1.Has anyone been to the San Fernando office?
2. Has anyone been through having a marriage certificate "red ribboned"?
3. How complicated is reporting a marriage to NSO?
Many thanks.


----------



## Asian Spirit (Mar 1, 2010)

I have never had dealings with the DFA for any reason. However, there may be an DFA office over by you in Subic,
If not there is one closer than San Fernando and easier to access. It is at Marquee Mall in Angeles. Check the site for information and contact numbers at DFA Marquee Mall..


----------



## jon1 (Mar 18, 2012)

esv1226,

The nearest DFA is the one Jet Lag mentioned. 

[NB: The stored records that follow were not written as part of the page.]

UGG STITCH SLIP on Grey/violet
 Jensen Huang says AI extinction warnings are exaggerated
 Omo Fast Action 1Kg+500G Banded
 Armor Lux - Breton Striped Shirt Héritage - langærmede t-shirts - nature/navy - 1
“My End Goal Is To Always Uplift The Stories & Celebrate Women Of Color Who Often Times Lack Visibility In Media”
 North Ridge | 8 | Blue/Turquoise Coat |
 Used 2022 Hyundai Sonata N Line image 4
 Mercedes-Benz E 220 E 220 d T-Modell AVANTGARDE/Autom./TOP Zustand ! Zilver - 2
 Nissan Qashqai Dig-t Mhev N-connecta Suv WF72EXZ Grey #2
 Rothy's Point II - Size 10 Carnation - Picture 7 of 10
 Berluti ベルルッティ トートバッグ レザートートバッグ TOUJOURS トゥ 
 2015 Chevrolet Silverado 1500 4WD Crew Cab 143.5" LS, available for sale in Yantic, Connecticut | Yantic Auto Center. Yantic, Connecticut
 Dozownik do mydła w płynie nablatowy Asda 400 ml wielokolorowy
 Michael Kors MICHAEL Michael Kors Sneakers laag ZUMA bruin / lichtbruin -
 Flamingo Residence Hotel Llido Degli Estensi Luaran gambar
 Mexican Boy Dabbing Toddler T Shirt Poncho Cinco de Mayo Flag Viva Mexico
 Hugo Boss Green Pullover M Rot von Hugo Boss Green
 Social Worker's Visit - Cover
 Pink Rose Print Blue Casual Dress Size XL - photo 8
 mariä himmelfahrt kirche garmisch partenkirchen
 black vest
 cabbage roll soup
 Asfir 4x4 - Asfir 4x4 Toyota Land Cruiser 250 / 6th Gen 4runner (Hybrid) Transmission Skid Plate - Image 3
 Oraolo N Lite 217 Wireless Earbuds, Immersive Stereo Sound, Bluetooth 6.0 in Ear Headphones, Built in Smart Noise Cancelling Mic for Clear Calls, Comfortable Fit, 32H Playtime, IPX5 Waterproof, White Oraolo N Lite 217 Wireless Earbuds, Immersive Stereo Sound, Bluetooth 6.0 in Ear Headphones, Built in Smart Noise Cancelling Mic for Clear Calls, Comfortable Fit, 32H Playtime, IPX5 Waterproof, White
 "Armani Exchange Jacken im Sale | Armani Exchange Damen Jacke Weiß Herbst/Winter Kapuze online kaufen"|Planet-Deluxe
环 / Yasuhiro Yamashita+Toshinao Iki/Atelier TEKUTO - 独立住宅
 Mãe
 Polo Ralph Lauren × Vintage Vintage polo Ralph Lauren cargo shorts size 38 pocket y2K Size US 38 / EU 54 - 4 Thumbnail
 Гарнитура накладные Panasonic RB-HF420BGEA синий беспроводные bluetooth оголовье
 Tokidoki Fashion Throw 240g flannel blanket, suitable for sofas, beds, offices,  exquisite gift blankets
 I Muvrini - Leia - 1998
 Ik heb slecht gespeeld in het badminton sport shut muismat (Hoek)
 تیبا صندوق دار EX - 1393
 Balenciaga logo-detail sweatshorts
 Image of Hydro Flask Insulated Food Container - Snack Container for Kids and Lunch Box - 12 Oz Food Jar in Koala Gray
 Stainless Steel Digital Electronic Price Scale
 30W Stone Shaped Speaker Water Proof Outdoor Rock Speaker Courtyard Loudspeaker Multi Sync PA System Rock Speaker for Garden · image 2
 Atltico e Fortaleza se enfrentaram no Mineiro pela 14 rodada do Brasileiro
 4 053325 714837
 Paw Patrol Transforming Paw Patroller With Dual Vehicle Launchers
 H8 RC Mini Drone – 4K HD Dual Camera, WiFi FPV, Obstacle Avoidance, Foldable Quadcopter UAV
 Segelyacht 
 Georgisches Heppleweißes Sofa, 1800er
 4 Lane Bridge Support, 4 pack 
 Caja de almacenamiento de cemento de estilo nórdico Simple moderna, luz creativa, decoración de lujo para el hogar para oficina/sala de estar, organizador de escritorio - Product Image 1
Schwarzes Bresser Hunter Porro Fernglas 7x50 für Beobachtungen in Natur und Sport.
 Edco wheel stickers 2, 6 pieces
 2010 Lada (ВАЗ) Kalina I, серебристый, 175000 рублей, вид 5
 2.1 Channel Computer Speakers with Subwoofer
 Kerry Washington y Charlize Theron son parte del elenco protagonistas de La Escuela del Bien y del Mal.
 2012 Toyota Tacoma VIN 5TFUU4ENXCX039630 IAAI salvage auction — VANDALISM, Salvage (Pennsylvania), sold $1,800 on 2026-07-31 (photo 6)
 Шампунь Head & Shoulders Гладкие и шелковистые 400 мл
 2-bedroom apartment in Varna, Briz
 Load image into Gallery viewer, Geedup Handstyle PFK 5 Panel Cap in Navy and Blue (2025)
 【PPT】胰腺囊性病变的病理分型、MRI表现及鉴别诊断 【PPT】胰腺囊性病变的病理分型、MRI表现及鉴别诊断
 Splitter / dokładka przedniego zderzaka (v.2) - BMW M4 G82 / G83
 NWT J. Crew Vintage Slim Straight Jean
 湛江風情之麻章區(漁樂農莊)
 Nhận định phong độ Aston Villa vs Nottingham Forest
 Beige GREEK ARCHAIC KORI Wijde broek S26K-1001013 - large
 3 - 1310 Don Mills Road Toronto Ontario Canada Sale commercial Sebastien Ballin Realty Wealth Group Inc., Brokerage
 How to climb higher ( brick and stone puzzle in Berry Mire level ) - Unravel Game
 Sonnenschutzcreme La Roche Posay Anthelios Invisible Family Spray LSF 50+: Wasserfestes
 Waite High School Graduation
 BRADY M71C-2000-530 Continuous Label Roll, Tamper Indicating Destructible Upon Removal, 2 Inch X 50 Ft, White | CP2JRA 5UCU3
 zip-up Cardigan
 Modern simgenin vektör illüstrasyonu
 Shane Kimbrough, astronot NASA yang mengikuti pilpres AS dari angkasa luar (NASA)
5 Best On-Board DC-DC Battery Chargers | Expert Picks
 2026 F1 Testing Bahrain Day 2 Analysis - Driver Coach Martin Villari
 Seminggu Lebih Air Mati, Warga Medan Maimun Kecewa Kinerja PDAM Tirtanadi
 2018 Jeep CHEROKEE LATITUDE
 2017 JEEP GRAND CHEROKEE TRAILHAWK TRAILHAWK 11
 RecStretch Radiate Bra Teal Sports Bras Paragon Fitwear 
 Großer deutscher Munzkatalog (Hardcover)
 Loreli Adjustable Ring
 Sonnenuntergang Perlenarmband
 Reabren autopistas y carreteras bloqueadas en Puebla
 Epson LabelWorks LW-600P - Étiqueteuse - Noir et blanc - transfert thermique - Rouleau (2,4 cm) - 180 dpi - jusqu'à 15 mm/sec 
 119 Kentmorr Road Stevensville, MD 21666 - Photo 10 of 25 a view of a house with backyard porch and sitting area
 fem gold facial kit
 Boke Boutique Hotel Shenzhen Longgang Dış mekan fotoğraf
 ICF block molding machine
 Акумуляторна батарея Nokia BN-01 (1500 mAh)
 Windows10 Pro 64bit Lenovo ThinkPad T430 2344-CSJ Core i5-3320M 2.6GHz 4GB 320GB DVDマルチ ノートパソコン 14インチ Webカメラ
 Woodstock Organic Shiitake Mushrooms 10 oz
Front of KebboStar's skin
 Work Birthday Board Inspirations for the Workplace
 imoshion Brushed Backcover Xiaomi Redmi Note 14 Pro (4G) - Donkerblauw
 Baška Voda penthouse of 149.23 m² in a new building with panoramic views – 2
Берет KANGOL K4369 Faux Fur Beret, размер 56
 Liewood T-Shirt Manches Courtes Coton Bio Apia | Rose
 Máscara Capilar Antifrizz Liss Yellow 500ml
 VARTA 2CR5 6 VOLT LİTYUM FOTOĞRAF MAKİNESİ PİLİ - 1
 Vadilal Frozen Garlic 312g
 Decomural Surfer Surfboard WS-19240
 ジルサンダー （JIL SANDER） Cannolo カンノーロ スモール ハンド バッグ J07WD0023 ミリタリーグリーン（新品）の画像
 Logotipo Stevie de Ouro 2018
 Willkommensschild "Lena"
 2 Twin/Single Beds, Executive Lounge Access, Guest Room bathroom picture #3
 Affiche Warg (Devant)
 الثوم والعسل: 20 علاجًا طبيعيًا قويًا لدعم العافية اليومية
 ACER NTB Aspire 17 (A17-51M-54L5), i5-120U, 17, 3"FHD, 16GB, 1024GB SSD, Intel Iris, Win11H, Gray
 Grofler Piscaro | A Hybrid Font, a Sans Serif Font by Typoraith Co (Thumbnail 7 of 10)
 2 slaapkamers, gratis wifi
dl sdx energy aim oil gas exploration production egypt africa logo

I am going thru this clustered process since January. For my wife (Pinay), to get her name changed in her current passport she needs the NSO Certified Copy of our Marriage License printed on their security paper. A locally certified copy from the jurisdiction that you conducted your marriage ceremony is not enough. My wife had to request that it be expedited (a fee of 400p at her hometown) to get them to process faster. She was told at the local NSO in Subic that it could take 6 months to be registered at the NSO! She accomplished this on Feb 17. She was given a case number and instructions on how to text for the status of registration. To date, it still shows "pending". 

Quite frustrating to say the least.

Not sure what a "red ribboning" means..


----------



## esv1226 (Mar 13, 2014)

Indeed it is very frustrating, especially because I do no understand the system.

When I went to BI Manila, I was told to have the marriage license (married in USA) "red ribboned" by DFA. When I looked it up, it appears it needs to be authenticated. When I looked it up, it needs to be NSO registered. Requirements?


----------